En ese instante, un sentimiento de
incertidumbre hacia lo desconocido invadió a los allí presentes. Los nervios
afloraron como no lo habían hecho antes y provocaron alguna que otra alocada
risa. Caimo, a su vez, intentaba mantener la calma, lo cual, no le era muy
fácil, y pensaba en cosas agradables, apacibles, simples. La exquisita tarta de
pera de su madre le vino a la mente.
A los cinco minutos, más o menos, la nave entró en el
campo gravitatorio del planeta y, bajo su influjo, deceleró paulatinamente. Al
parecer, estaban acercándose por la cara oculta, ya que no podían ver más que
una silueta oscura, una concentración de masa negra. Aun así, según la
información proporcionada por el ordenador de a bordo, aquel lugar poseía una
fuente luminosa de energía. De pronto, ocurrió: unas tímidos rayos de luz hicieron
acto de presencia e iluminaron todo aquello con lo que se toparon.

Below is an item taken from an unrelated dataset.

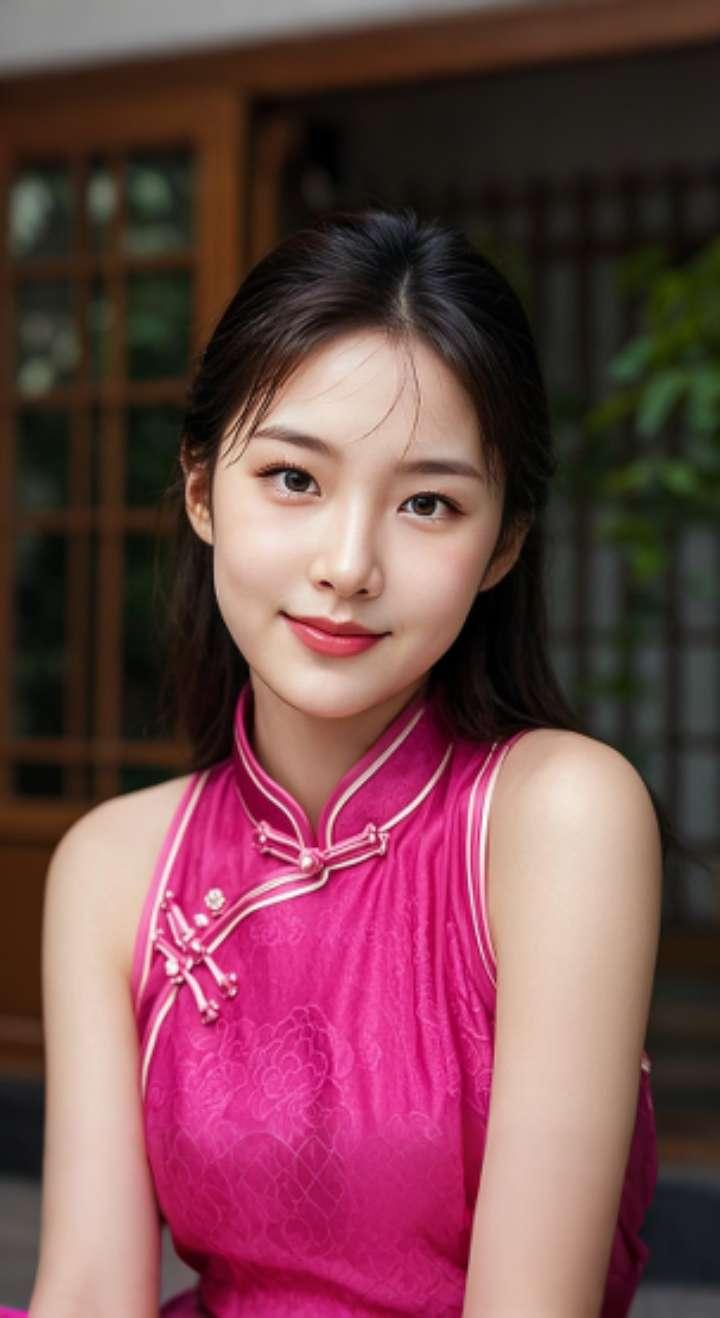 AI扩图 AI艳粉微笑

El planeta,
antes oscuro, amaneció y se presentó en todo su esplendor, ofreciendo unas
imágenes azul-verdosas dignas de mención. Era algo maravilloso, sublime,
difícilmente superable. Caimo sintió cómo le vibraban todos sus circuitos internos
y saboreó un estado de pseudo-felicidad. A medida que se acercaban, era posible
discernir diminutos detalles e irregularidades de la superficie, grandes
aglomeraciones de agua, montañas, crestas, valles, verdes bosques parecidos a
los bosques de Malgorean... todo era espectacular, y cada cosa nueva que
aparecía en el visor de la nave era mucho mejor que la anterior. Era el momento
ideal, sin duda, para descubrir qué era lo que su madre le había dado antes de
partir. Desenrolló con sumo cuidado el delicado trozo de papel y leyó:
Cuando las luces de las
estrellas se apaguen, no desesperes, el sol resurgirá de sus cenizas y brillará
con más fuerza, reinando por toda la eternidad.
Aquellas palabras, escritas de manera
sutil, aliviaron a Caimo. Había llegado con sus congéneres a su nueva casa, AFL
1920, que los autóctonos que conocería posteriormente llamaban, la Tierra.